David’s life is exemplary throughout his childhood and early adulthood. He trusts God to defend His people when fighting the giant Goliath (1 Sa 17). He trusts God to give him the kingship in His timing rather than take matters into his own hands by killing Saul (1 Sa 19, 1 Sa 24). In a beautiful culmination of his intimate relationship with God, David promises to build a house for God, and in turn, God promises to build an eternal house for David and his descendants (2 Sa 7). It is surprising, then, that soon after this exchange, David becomes an adulterer and a murderer.
Although David’s actions concerning Bathsheba are unique, his fondness for women is not. Scripture clearly states that God intended for one man and one woman to unite in marriage (Ge 2:24), but within several generations of creation, God’s people distorted His vision through polygamy (Ge 4:19).
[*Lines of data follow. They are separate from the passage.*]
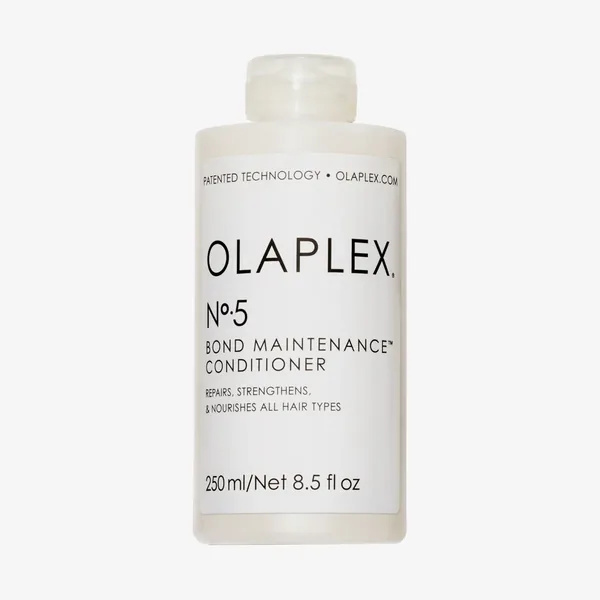 No.5 Bond Maintenance Conditioner 250ml — Olaplex wholesale UAE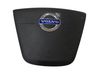Airbag del volante P30721915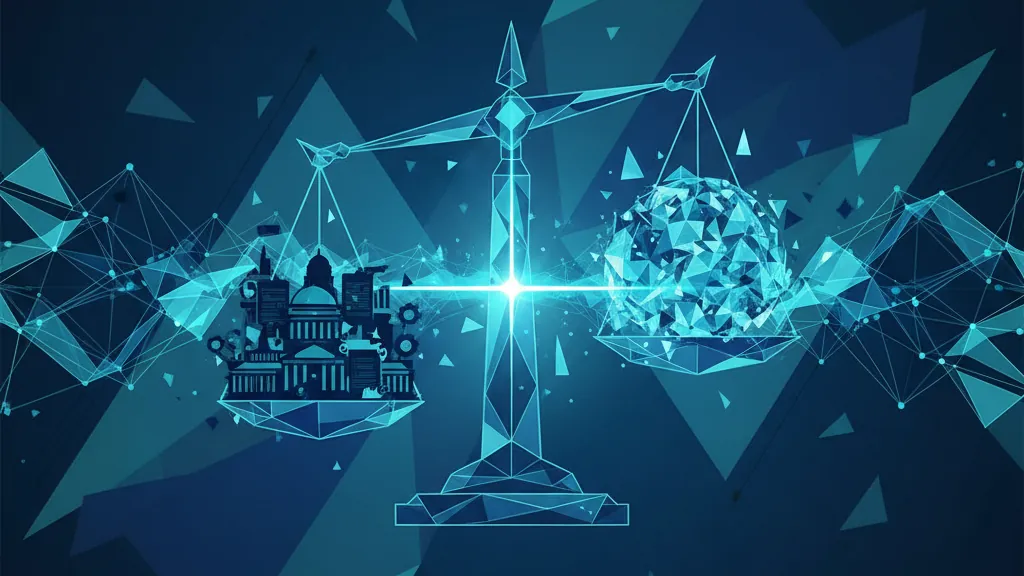 The Evolving Global Landscape of Central Bank Digital Currencies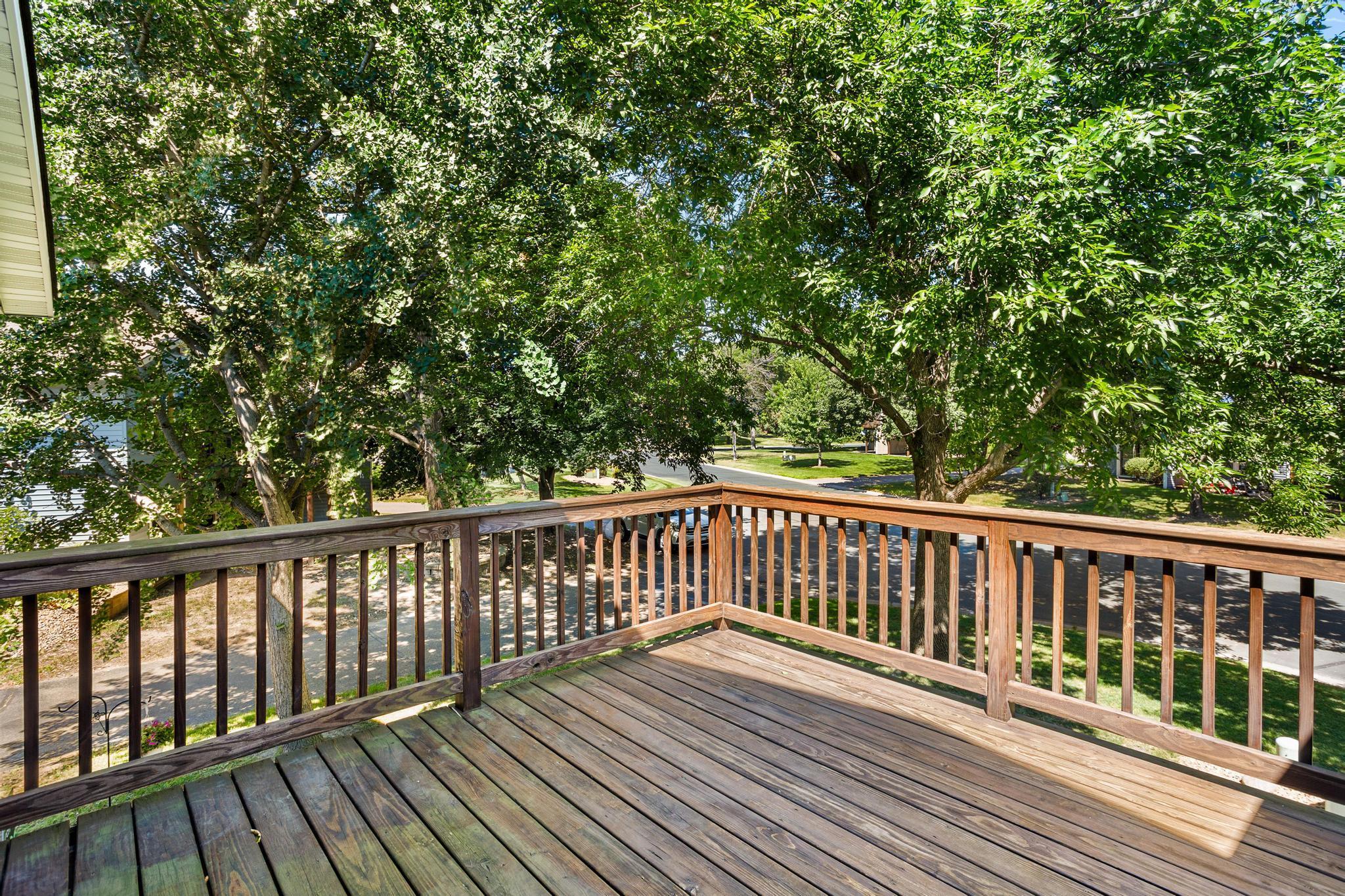 View of Residential at 1874 113th Lane, Coon Rapids MN 55433, Coon Rapids (3 of 40) - Mike Wilen | Minnesota Team Real Estate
David was a polygamist, and by the time he saw Bathsheba he already had at least six wives (1 Sa 25:44, 2 Sa 3:2-5). It seems, then, that David had a weakness for women.
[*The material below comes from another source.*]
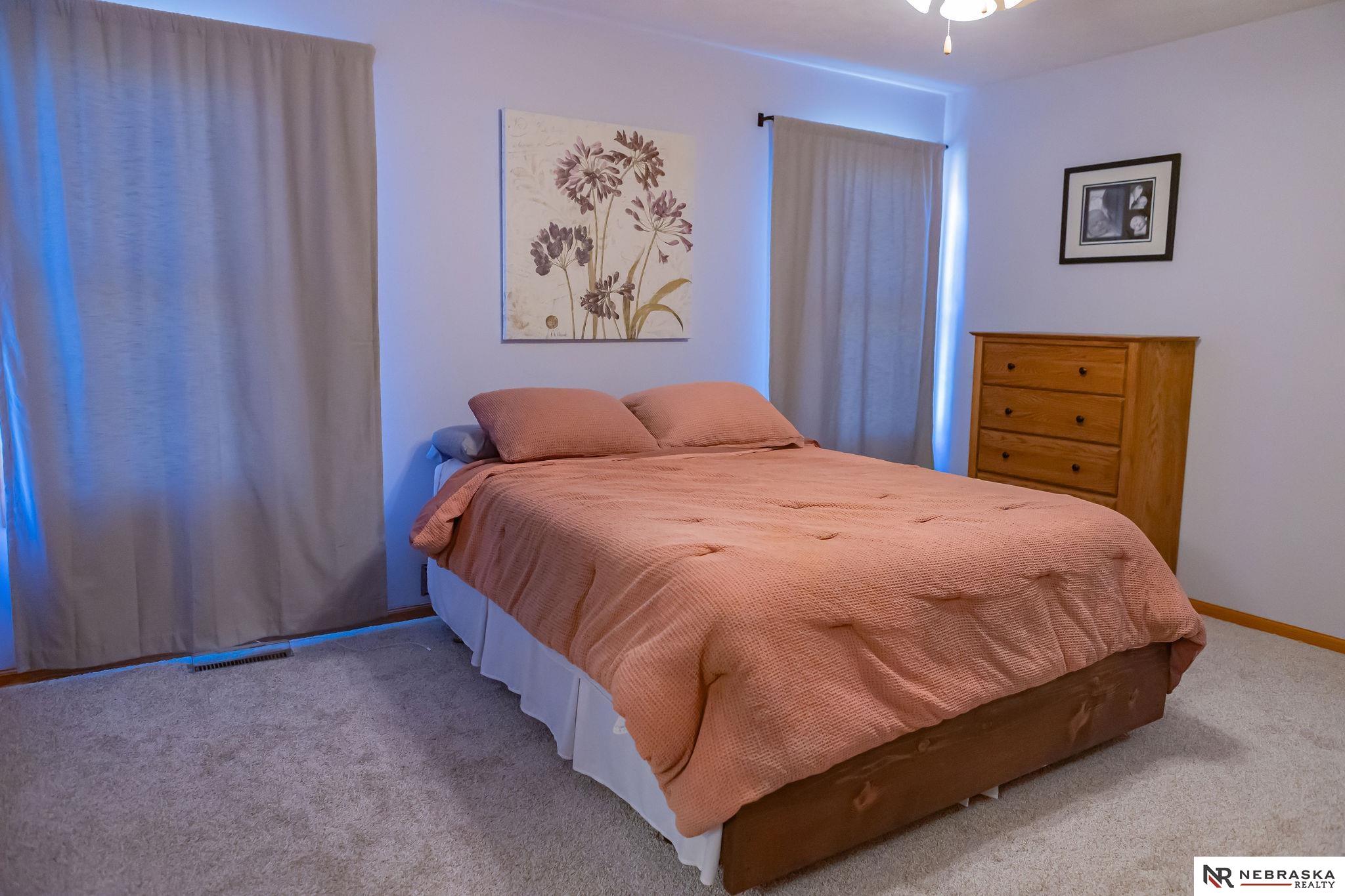 558 Chestnut Circle, Seward, Nebraska image 15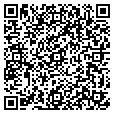 QR code with CVS contacts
In addition to his lack of sexual self-control, David became complacent once he was established as king. He sent his commander and army into battle without him (2 Sa 11:1) even though his rightful place was at the head of his army. It would not be surprising if he had internalized the perks of kingship, assuming that as king he could do whatever he liked. When he saw Bathsheba bathing, he used his power as king to bring her to his bed (2 Sa 11:2-5). It seems he had no concern for her beyond using her once and sending her home, but things became complicated when Bathsheba announced she was pregnant.
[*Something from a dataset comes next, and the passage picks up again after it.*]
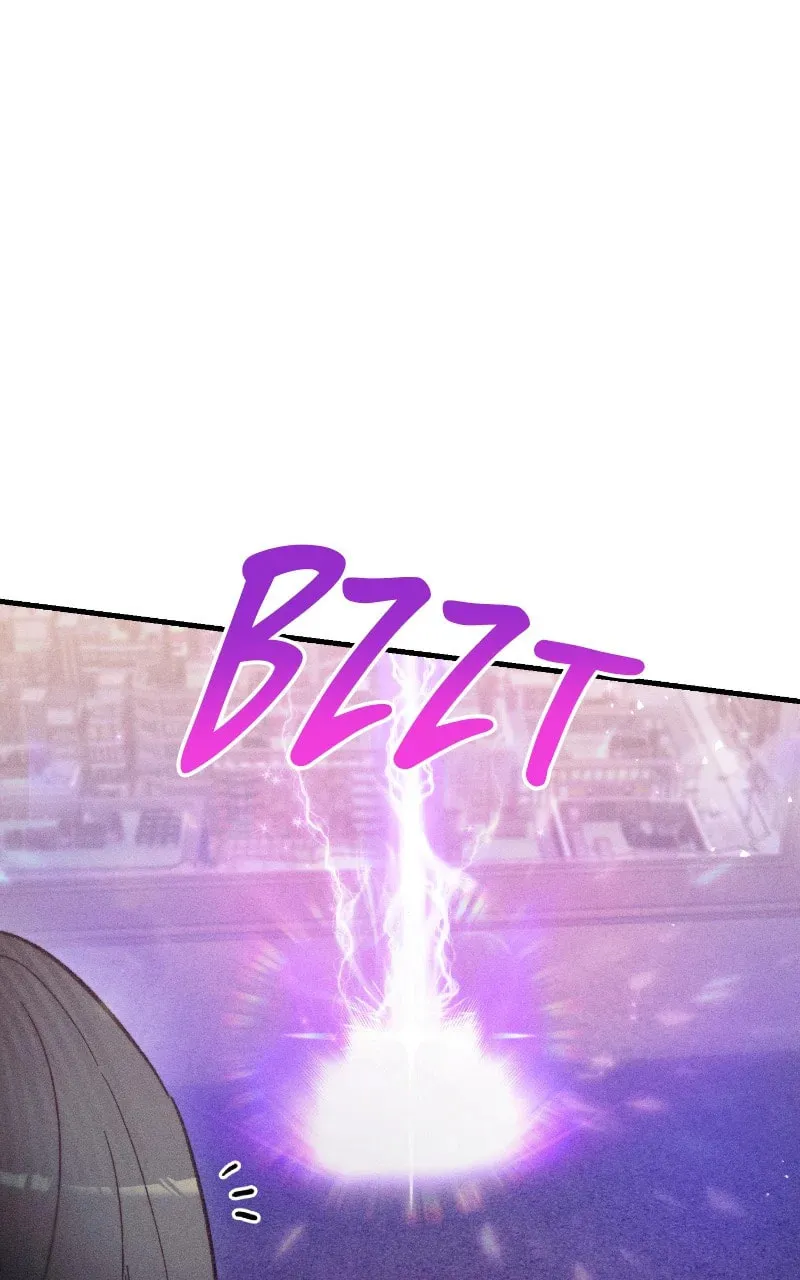 The New Hire Is the Demon Lord Chapter 59 page 50 -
Here David becomes a murderer as well as an adulterer. In an effort to fix everything, he arranges for Uriah to come home to his wife so that the baby can be assumed legitimate (2 Sa 11:6-8). Uriah, unlike the king, understood his duty to the warfront, and would not sleep with his wife. When a second plea would not convince Uriah to go home (2 Sa 11:10-13), David became desperate. Perhaps David knew that he had acted unlike himself in sleeping with Bathsheba; knowing he had sinned, he became blind to consequences in his effort to pretend it hadn’t happened. Regardless of his emotional motivations, David sent word to his army commander to make sure Uriah died in battle (2 Sa 11:14-15). With Uriah dead, David brought Bathsheba into his palace as his wife (2 Sa 11:26-27). Were it not for Nathan’s prophetic intervention (2 Sa 12:1-14), David might have convinced himself that all had been made right.
David is obviously culpable, but what of Bathsheba? Some have insisted that she deliberately bathed in plain sight, knowing that David would pass by and see her. There is no textual support for this claim, and it sounds like a sad attempt to defend David’s honor. In fact, there is little evidence that Bathsheba would have anything to gain by seducing the king other than bragging rights. If she hadn’t become pregnant, she would have been sent back to her house permanently. Motivations can be argued all day, but the fact remains that the Bible is silent on Bathsheba’s thoughts throughout the whole ordeal. This silence is actually telling, since Scripture often records women’s stories in important matters, whether or not they act negatively or positively. Within the Samuel narratives, Michal’s disdain for David’s exuberance is explained (2 Sa 6:16, 20-23) and Hannah’s desperation for a child is told in detail (1 Sa 1:1-2:11). If Bathsheba had been an active participant in the adultery and murder, it seems as though Scripture’s precedent would be to mention it. Since instead there is silence, the logical conclusion is to assume she was a victim of David’s lust.